**TASK STATEMENT**.
Write out the listing verbatim. No pictures belong in it.

**INFORMATION PROVIDED**.
▬▬▬▬▬▬▬▬▬▬
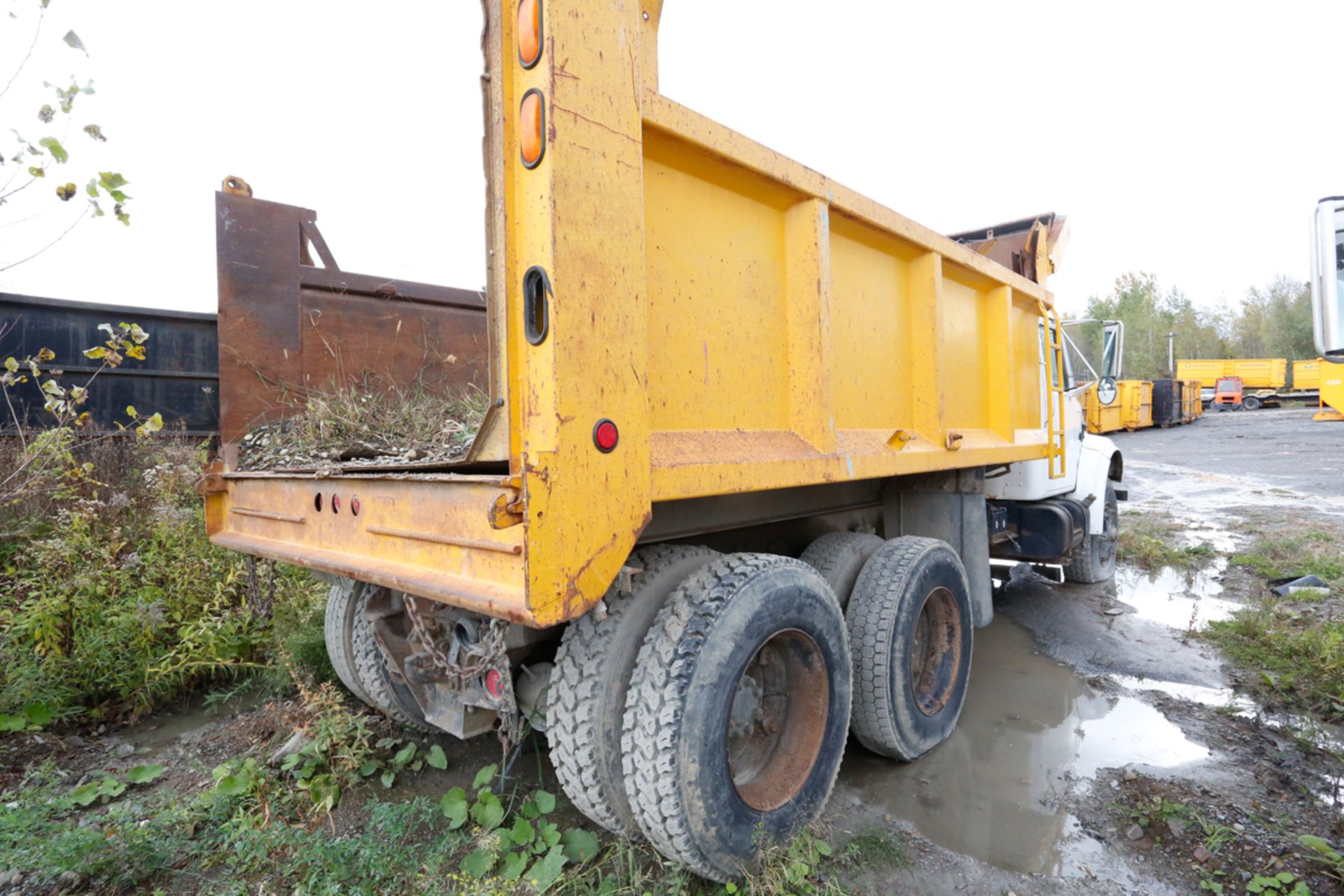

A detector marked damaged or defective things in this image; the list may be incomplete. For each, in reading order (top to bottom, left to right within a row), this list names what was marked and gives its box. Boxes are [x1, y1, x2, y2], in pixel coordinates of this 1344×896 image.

rusty wheel hub [725, 631, 827, 811]
rusty wheel hub [908, 585, 962, 720]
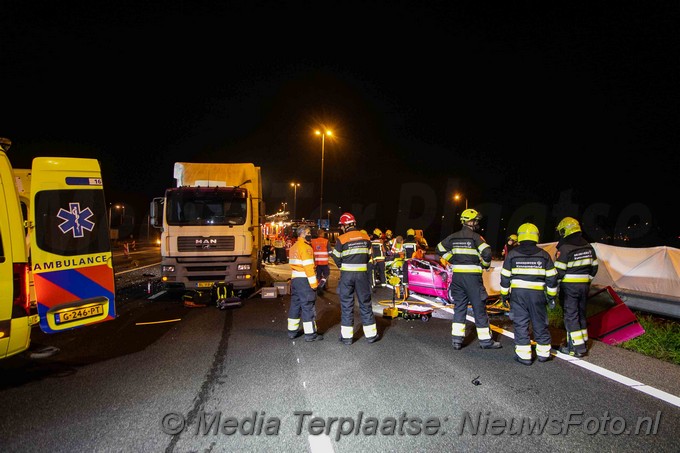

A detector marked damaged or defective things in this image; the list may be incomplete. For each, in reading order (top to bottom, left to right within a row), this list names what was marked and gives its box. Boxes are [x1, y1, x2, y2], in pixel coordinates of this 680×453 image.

crushed pink car [406, 258, 454, 304]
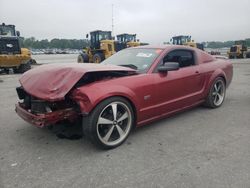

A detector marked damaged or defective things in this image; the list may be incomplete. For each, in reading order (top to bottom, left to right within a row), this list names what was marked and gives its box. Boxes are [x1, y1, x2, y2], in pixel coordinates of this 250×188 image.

crumpled hood [20, 63, 135, 101]
damaged front end [15, 86, 78, 128]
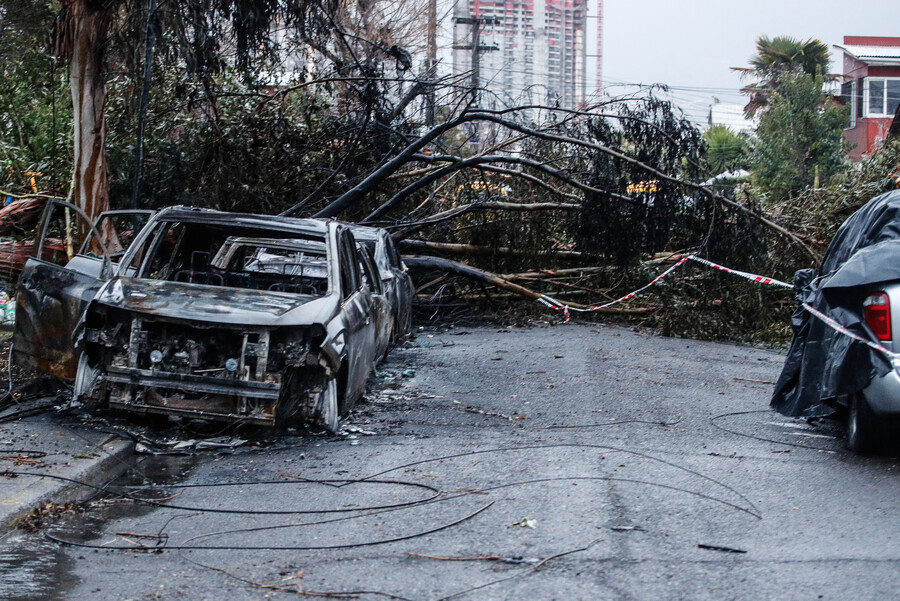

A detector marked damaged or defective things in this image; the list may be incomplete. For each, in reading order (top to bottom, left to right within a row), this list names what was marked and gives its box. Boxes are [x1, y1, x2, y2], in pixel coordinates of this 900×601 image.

charred car door [13, 202, 116, 380]
burned car [15, 204, 378, 428]
burned car body [17, 204, 376, 428]
rusted car frame [17, 206, 376, 432]
second burned car [14, 204, 400, 428]
burned car hood [94, 278, 338, 326]
burned car [344, 224, 414, 344]
burned car body [344, 225, 414, 344]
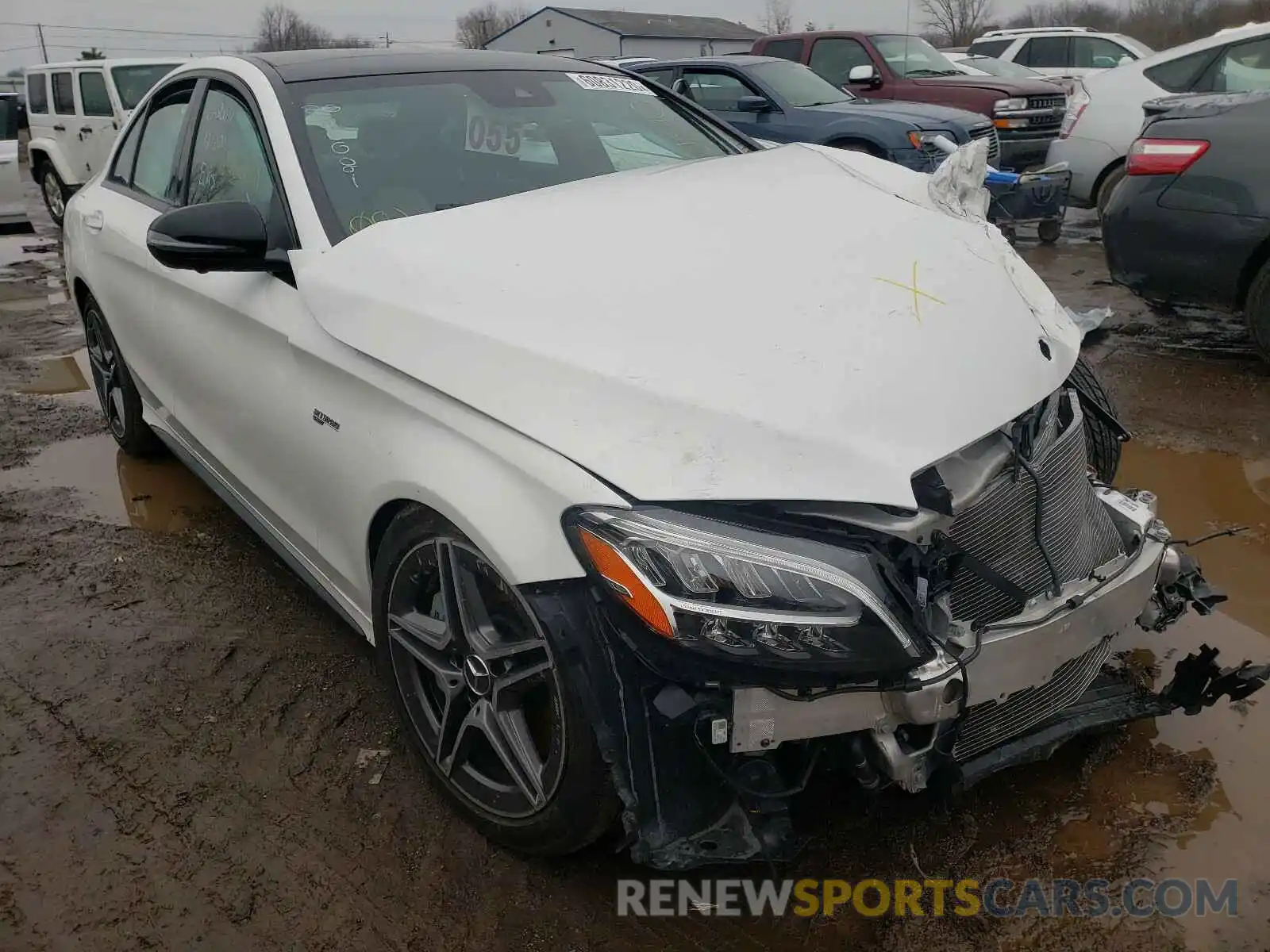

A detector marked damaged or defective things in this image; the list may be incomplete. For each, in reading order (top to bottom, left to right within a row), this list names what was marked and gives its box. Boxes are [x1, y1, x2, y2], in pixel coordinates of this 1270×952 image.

crumpled hood [828, 98, 995, 130]
crumpled hood [292, 144, 1076, 510]
damaged front end [521, 386, 1264, 873]
broken bumper cover [518, 530, 1270, 873]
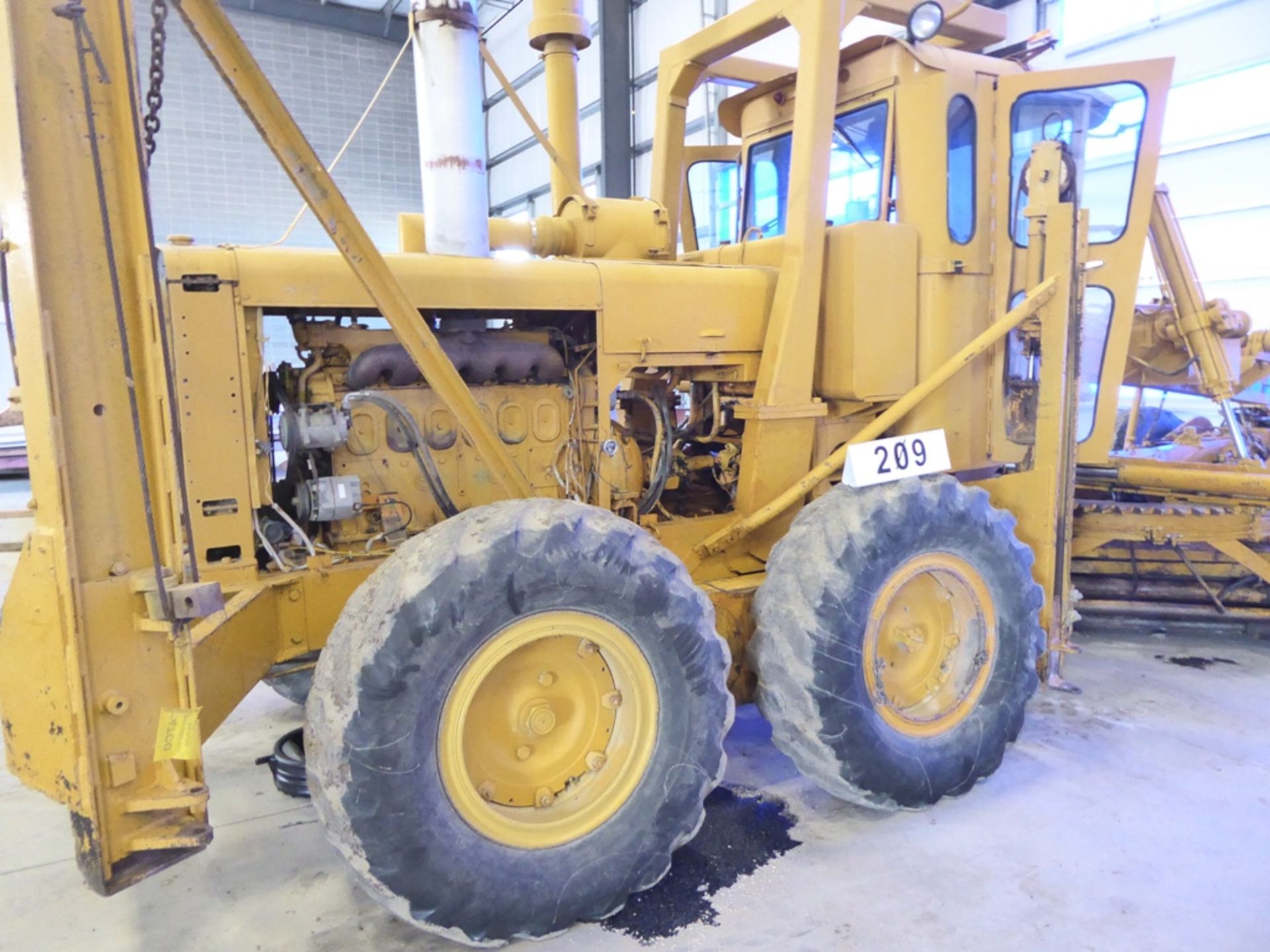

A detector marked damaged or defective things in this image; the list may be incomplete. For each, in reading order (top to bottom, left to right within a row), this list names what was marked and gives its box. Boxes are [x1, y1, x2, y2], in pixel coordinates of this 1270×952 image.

rusty pipe section [413, 1, 487, 257]
rusty pipe section [345, 333, 569, 388]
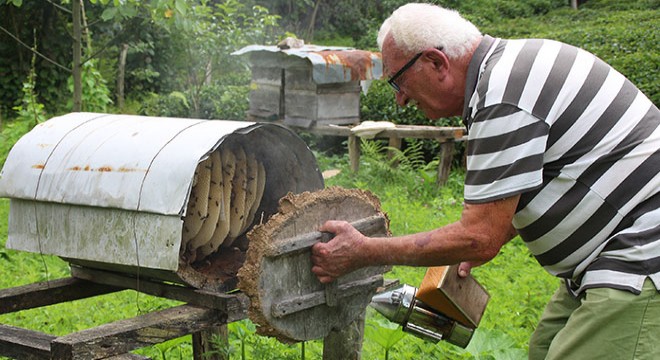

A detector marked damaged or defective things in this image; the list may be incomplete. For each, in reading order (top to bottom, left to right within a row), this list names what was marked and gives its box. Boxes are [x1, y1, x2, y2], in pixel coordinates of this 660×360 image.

rust stain on metal [314, 50, 382, 81]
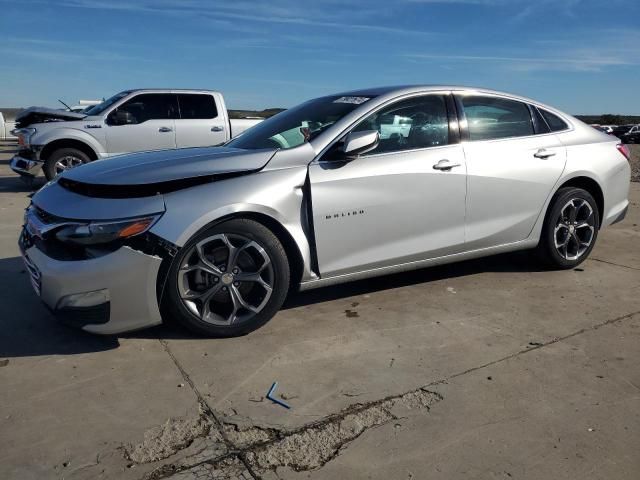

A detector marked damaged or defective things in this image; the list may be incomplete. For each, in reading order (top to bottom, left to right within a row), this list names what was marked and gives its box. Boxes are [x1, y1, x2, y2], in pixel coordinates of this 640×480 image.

damaged front bumper [10, 148, 43, 178]
damaged front bumper [21, 235, 164, 334]
crack in concrete [145, 312, 640, 480]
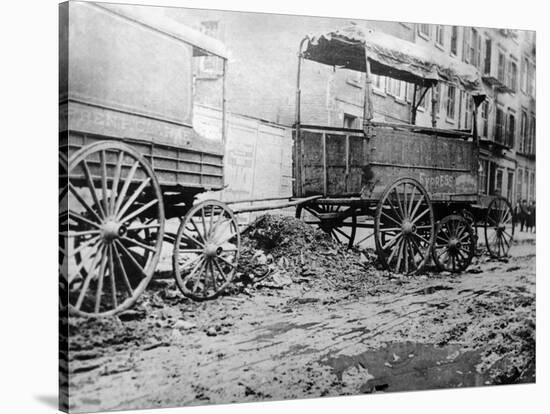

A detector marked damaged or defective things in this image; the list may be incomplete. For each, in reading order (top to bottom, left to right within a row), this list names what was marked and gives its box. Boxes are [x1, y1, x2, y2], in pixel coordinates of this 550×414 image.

detached wheel [63, 142, 164, 316]
detached wheel [174, 199, 240, 300]
detached wheel [298, 202, 358, 247]
detached wheel [376, 176, 436, 274]
detached wheel [436, 215, 478, 274]
detached wheel [488, 196, 516, 258]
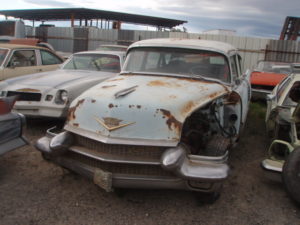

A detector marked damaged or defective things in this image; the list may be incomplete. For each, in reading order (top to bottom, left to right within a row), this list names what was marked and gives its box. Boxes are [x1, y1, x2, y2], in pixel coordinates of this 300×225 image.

broken windshield [122, 47, 230, 82]
rust spot [66, 99, 84, 122]
rusted cadillac sedan [34, 39, 251, 198]
rust spot [161, 109, 182, 134]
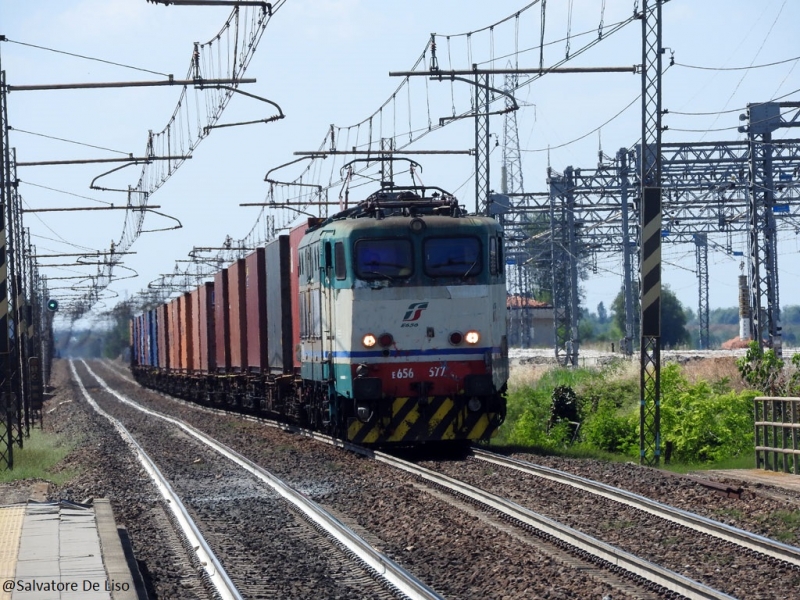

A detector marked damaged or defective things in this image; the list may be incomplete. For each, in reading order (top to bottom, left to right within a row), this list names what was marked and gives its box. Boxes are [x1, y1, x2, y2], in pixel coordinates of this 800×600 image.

rusty shipping container [198, 284, 216, 372]
rusty shipping container [214, 270, 230, 372]
rusty shipping container [228, 258, 247, 370]
rusty shipping container [245, 247, 268, 370]
rusty shipping container [266, 237, 294, 372]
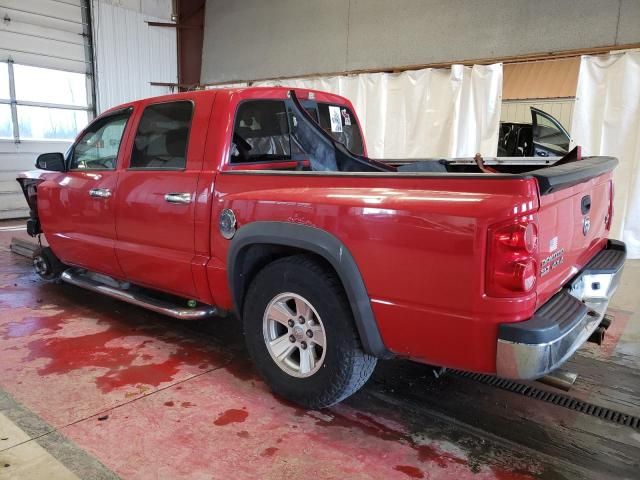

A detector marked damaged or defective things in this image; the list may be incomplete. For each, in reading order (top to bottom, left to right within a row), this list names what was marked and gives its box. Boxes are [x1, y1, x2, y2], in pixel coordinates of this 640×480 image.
▬▬▬▬▬▬▬▬▬▬
**REPLY TO THE EXERCISE**.
A detector marked damaged or defective things in this image; the list may be incomplete. For each, in reading order (top to bottom, left to right within a row), this list names what was marked and gives its box. Boxes are [x1, y1, x2, y2], in pixel coordinates of this 1344×896 image.

rusty wheel hub [725, 631, 827, 811]
rusty wheel hub [908, 585, 962, 720]

A detector marked damaged or defective things in this image; the list may be incomplete. For each, in reading order (top to bottom, left to right within a row), this list names what was marked and gives its box. Boxes are [x1, y1, x2, y2], in pixel coordinates of this 680×453 image.

crushed pink car [406, 258, 454, 304]

A detector marked damaged or defective things in this image; the list may be incomplete. For each, in reading order (top to bottom, left to right within a row), this list names what was marked and gives its box. Boxes are [x1, y1, x2, y2], in pixel coordinates of this 250×188 image.

crumpled hood [20, 63, 135, 101]
damaged front end [15, 86, 78, 128]

A detector marked damaged or defective things in this image; the list may be incomplete. For each, in reading order (top to bottom, left to right within a row), this list names what was marked and gives its box. Boxes are [x1, y1, x2, y2], in pixel coordinates of this 900×601 image.

charred car door [13, 202, 116, 380]
burned car [15, 204, 378, 428]
burned car body [17, 204, 376, 428]
rusted car frame [17, 206, 376, 432]
second burned car [14, 204, 400, 428]
burned car hood [94, 278, 338, 326]
burned car [344, 224, 414, 344]
burned car body [344, 225, 414, 344]

A detector marked damaged or defective things in this image; the list may be incomplete. For each, in reading order (top to bottom, left to right within a row), this list names what was marked and gives its box. Boxes are [x1, y1, x2, y2], in pixel coordinates of this 1270×952 image.

crumpled hood [828, 98, 995, 130]
crumpled hood [292, 144, 1076, 510]
damaged front end [521, 386, 1264, 873]
broken bumper cover [518, 530, 1270, 873]

A detector marked damaged or defective things in this image; the list may be incomplete. For each, in reading order (top to bottom, left to right within a row), this list names what was marked and gives its box. Boxes are [x1, y1, x2, y2], in pixel coordinates of this 1270×952 image.

rusty pipe section [413, 1, 487, 257]
rusty pipe section [345, 333, 569, 388]

A detector marked damaged or defective things in this image; the list may be incomplete. For each, in reading order (top to bottom, left to right within a row), this list names what was marked and gives its box. Boxes are [x1, y1, x2, y2], in pixel coordinates of this 660×360 image.

rust stain on metal [314, 50, 382, 81]

A detector marked damaged or defective things in this image; the list may be incomplete. For each, in reading order (top to bottom, left to right within a row), this list names what was marked and gives its box. Boxes are [x1, y1, x2, y2], in pixel coordinates of this 640×480 image.

damaged front bumper [10, 148, 43, 178]
damaged front bumper [21, 235, 164, 334]
crack in concrete [145, 312, 640, 480]

A detector marked damaged or defective things in this image; the list may be incomplete. For each, in reading order (top to bottom, left to right within a row), this list names what was marked and gives its box. Boxes are [x1, y1, x2, y2], in pixel coordinates of this 550×414 image.

detached wheel [63, 142, 164, 316]
detached wheel [174, 199, 240, 300]
detached wheel [298, 202, 358, 247]
detached wheel [376, 176, 436, 274]
detached wheel [436, 215, 478, 274]
detached wheel [488, 196, 516, 258]

A detector marked damaged or defective things in this image; the list may be incomplete. For each, in reading order (top to bottom, left to right within a row), this list names what was marked and gives its box. Boxes are [x1, y1, x2, y2], in pixel coordinates of this 300×225 image.

broken windshield [122, 47, 230, 82]
rust spot [66, 99, 84, 122]
rusted cadillac sedan [34, 39, 251, 198]
rust spot [161, 109, 182, 134]

A detector marked damaged or defective things in this image; the list may be incomplete. For each, in reading order (top to bottom, left to right within a row), this list names what was marked and gives its box. Boxes are [x1, y1, x2, y2], in pixel coordinates of this 800×600 image.

rusty shipping container [198, 284, 216, 372]
rusty shipping container [214, 270, 230, 372]
rusty shipping container [228, 258, 247, 370]
rusty shipping container [245, 247, 268, 370]
rusty shipping container [266, 237, 294, 372]

A detector marked damaged or defective things in this image; the list may be incomplete. For each, in reading order (top to bottom, left to right within a row), this list names what was marked and gives its box. Boxes are [x1, y1, x2, y2], in pixel coordinates of this 640×480 image.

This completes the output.